Mary is dependent on us for transportation to work, church, the doctor and dentist, grocery store, shopping for clothes, and furniture. That will need to change. She goes to church with us now, but our church is not on a bus route, so either we will need to give her a ride, or she will have to find a church which is near her apartment/condo.

She wants to get to work on her own, have her own place. When, not if, she moves out, all of these issues will have to be considered. She told Ralph last week that she would like to move in about a year during the spring or fall. That should be enough time to save some money and figure out how she will provide for her own needs.
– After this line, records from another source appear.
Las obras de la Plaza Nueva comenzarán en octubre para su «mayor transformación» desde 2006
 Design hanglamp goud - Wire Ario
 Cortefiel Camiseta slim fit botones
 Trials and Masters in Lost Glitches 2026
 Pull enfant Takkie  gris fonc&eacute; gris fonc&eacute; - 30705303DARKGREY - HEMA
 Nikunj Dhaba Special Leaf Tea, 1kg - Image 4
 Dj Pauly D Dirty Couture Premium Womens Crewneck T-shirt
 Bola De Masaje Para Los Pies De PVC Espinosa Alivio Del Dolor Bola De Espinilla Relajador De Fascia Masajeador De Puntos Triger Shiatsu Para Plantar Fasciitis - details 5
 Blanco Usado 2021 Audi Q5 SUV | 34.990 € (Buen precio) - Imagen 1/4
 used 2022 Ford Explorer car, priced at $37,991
This blog has veered off the topic of transition for the last several months due to Ralph’s illness and hospitalizations. But really, his health issues are germane to the topic of transition. We have been unable to take her where she needed to go this fall. Our friends have helped out when we couldn’t. Chaos entered our lives, and we couldn’t provide for Mary.

“I know I can’t always depend on you and Dad,” said Mary. It’s true. So she is making her own plans to break the tether.